> _THE DATA_:
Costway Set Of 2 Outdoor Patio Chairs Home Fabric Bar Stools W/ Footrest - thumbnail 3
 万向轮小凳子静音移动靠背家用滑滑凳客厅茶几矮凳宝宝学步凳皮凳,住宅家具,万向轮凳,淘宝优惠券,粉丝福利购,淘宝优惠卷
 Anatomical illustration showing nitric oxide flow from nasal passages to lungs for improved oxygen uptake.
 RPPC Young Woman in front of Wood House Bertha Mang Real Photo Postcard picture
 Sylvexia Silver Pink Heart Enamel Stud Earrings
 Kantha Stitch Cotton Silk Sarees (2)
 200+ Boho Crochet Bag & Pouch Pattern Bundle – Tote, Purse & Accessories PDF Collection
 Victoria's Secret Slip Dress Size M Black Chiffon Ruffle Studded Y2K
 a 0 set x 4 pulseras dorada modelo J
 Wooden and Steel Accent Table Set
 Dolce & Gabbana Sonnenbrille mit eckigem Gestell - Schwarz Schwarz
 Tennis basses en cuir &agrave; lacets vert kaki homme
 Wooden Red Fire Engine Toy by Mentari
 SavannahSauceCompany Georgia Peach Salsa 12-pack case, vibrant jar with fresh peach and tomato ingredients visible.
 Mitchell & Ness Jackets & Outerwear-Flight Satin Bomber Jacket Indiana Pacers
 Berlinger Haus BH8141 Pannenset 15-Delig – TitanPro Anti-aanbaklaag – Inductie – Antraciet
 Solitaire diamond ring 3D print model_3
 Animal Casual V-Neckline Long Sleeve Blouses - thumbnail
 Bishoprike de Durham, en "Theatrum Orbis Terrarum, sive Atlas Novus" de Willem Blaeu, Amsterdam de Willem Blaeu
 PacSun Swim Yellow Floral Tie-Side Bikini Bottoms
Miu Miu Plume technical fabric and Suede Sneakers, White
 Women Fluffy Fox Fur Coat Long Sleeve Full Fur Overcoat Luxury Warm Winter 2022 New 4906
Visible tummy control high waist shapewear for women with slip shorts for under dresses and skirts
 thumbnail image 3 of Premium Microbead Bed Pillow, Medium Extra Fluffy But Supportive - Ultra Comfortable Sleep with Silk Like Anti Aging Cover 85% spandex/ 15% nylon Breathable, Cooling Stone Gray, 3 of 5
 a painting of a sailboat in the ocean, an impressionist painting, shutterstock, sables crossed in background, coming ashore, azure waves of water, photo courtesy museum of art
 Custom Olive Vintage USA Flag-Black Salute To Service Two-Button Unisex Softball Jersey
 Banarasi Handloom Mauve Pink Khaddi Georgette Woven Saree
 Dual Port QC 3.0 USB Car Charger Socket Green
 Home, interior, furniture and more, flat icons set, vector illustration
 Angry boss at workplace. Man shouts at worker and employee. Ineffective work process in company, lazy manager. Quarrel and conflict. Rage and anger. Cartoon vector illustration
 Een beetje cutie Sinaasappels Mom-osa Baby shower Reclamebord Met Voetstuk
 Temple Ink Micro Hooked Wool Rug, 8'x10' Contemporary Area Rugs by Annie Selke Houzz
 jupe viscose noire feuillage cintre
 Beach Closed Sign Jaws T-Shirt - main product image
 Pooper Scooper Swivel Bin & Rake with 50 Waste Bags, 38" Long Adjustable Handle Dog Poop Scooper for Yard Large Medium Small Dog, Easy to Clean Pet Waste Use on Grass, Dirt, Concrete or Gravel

> _TASK ITEM_:
Your answer should be the lines from the one that contains "Angry boss at" through the last line of the material, copied exactly.

> _YOUR SOLUTION_:
 Angry boss at workplace. Man shouts at worker and employee. Ineffective work process in company, lazy manager. Quarrel and conflict. Rage and anger. Cartoon vector illustration
 Een beetje cutie Sinaasappels Mom-osa Baby shower Reclamebord Met Voetstuk
 Temple Ink Micro Hooked Wool Rug, 8'x10' Contemporary Area Rugs by Annie Selke Houzz
 jupe viscose noire feuillage cintre
 Beach Closed Sign Jaws T-Shirt - main product image
 Pooper Scooper Swivel Bin & Rake with 50 Waste Bags, 38" Long Adjustable Handle Dog Poop Scooper for Yard Large Medium Small Dog, Easy to Clean Pet Waste Use on Grass, Dirt, Concrete or Gravel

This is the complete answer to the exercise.